The result should be an exact copy of the data, free of pictures.

(Beginning of Exercise input)

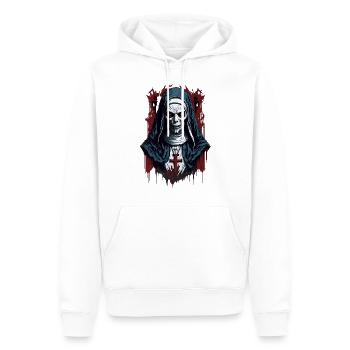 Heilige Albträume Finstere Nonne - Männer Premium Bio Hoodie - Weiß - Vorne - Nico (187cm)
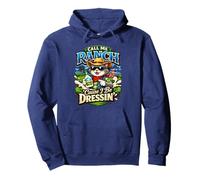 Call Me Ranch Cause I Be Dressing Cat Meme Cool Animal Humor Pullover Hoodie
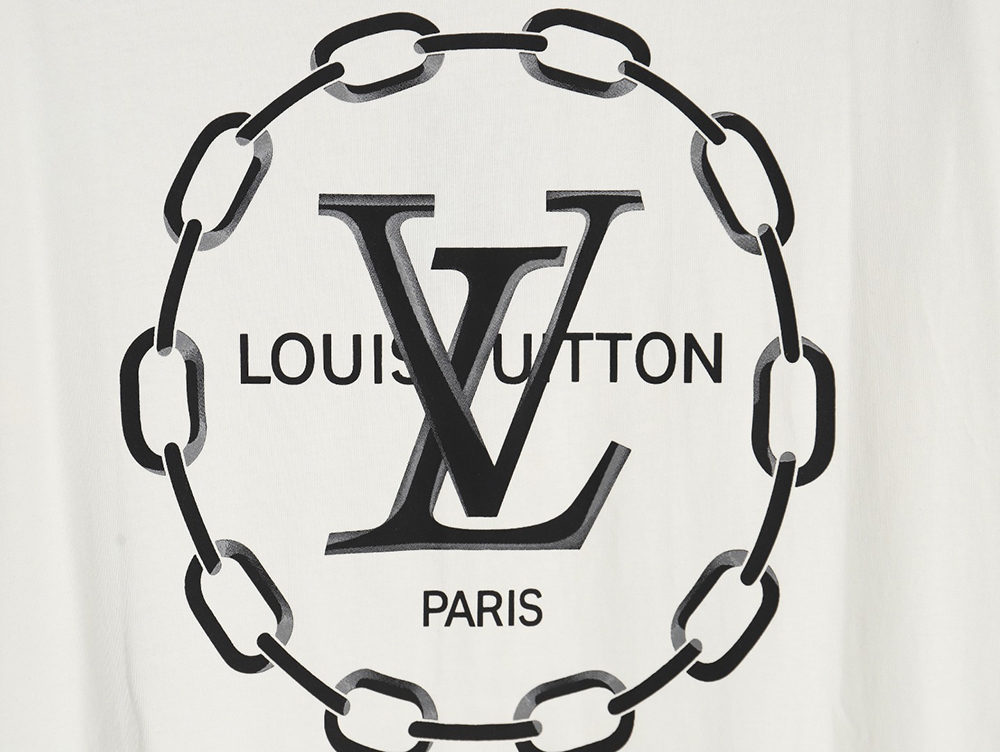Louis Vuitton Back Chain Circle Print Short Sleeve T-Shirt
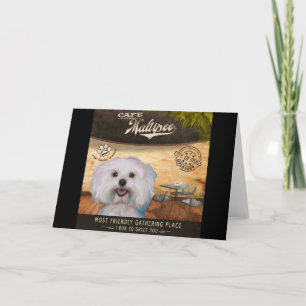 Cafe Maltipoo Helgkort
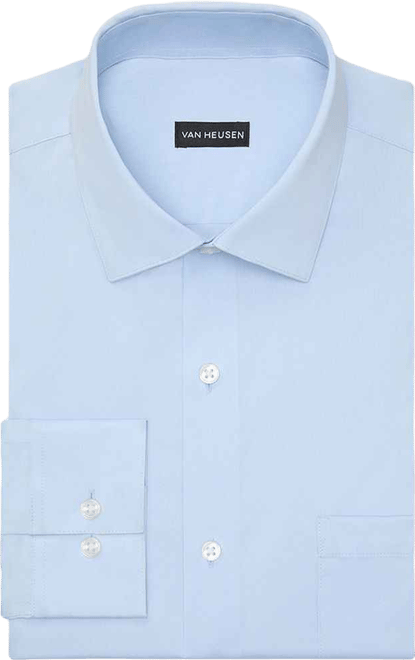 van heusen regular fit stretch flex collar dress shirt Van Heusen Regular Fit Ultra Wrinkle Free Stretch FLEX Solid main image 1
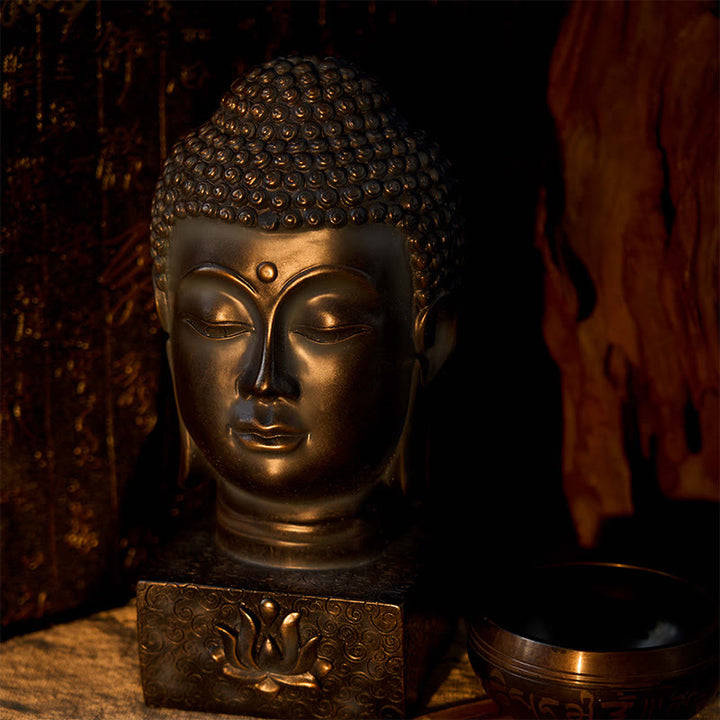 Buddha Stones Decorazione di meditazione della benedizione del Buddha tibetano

(End of Exercise input)

▶ [Exercise solution]
 Heilige Albträume Finstere Nonne - Männer Premium Bio Hoodie - Weiß - Vorne - Nico (187cm)
 Call Me Ranch Cause I Be Dressing Cat Meme Cool Animal Humor Pullover Hoodie
Louis Vuitton Back Chain Circle Print Short Sleeve T-Shirt
 Cafe Maltipoo Helgkort
 van heusen regular fit stretch flex collar dress shirt Van Heusen Regular Fit Ultra Wrinkle Free Stretch FLEX Solid main image 1
 Buddha Stones Decorazione di meditazione della benedizione del Buddha tibetano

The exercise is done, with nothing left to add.